Gearbox tuning has more variables than any other tuning page. EasyTune accepts a one-sentence description (“I bounce off the limiter at the end of the back straight”) and returns a targeted ratio change. Free at app.easytune.app.

How many gears do you need?

  • 6 speeds: good for short technical tracks, low top-speed builds, drift cars.
  • 7 speeds: the all-rounder. Most A and S1 builds run 7-speed.
  • 8 speeds: useful when you have a very wide powerband and want close ratios in the middle plus a long top gear.
  • 9–10 speeds: drag cars and very high-top-speed builds only. The PI cost is real and you almost never need that many on a circuit.

More gears is not automatically faster. Each ratio costs PI, and beyond 8 the marginal benefit drops off quickly except on Goliath-length straights.

Special case 1 — Drift gearbox

For drift setups, the dominant constraint is keeping the engine in its powerband while sliding at lower-than-normal road speeds. A 4-speed Race box (or a 5-speed with a very tall final drive) works best. Stretch first into a usable initiation gear, then keep 2nd–3rd very close so you can clutch-kick without falling out of power.

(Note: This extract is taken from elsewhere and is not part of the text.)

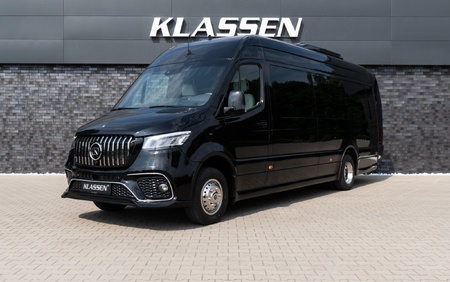 KLASSEN Mercedes-Benz Sprinter 519 LUXURY VIP JETVAN - Bar Toilet MSE_1_1701_EN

Special case 2 — Drag gearbox

For drag racing on the airstrip, every gear except the last should be short. Short first launches the car hard, short middle gears carry the engine through the powerband fast, and a tall last gear lets you keep pulling past 350 km/h. A 7 or 8-speed with a final drive around 3.6–3.9 and stretched 7th is the meta.

Special case 3 — Off-road / rally gearbox

Rally cars never hit theoretical top speed because they spend their lives at 30–40 percent throttle on mid-rev. Run a 6 or 7-speed with a moderately short final drive and close lower ratios. The goal is keeping rpm above 4,000 between corners.

Common gearbox mistakes

  • Setting final drive for the dyno number, then complaining the car bounces off the limiter. Final drive is per-track, not universal.
  • Forgetting to re-tune after engine upgrades. New peak power means new ideal ratios.
  • Running 10 speeds because more is better. PI wasted unless you are on Goliath.
  • Identical spacing on every gear. Real tracks have specific corner gear demands. Tune to the track.

Quick reference

  • Final drive: hit redline in top gear at the end of the longest straight
  • Mid-gear spacing: close for narrow powerband, wide for fat-torque engines
  • Race transmission: 7-speed for most A/S1 builds
  • Drift: 4-speed with tall final drive
  • Drag: 7-speed, stretched last gear
  • Always re-tune after engine work

Closing thought

Gearbox tuning is unsexy. It does not change how the car looks on the upgrade menu and it does not give you a single number to brag about on the leaderboard. But it routinely returns more lap time per minute spent than any other tuning page. Combine it with sound chassis work — understeer fixes, PI strategy, tire pressure — and you have a car ready for Top 100 Rivals.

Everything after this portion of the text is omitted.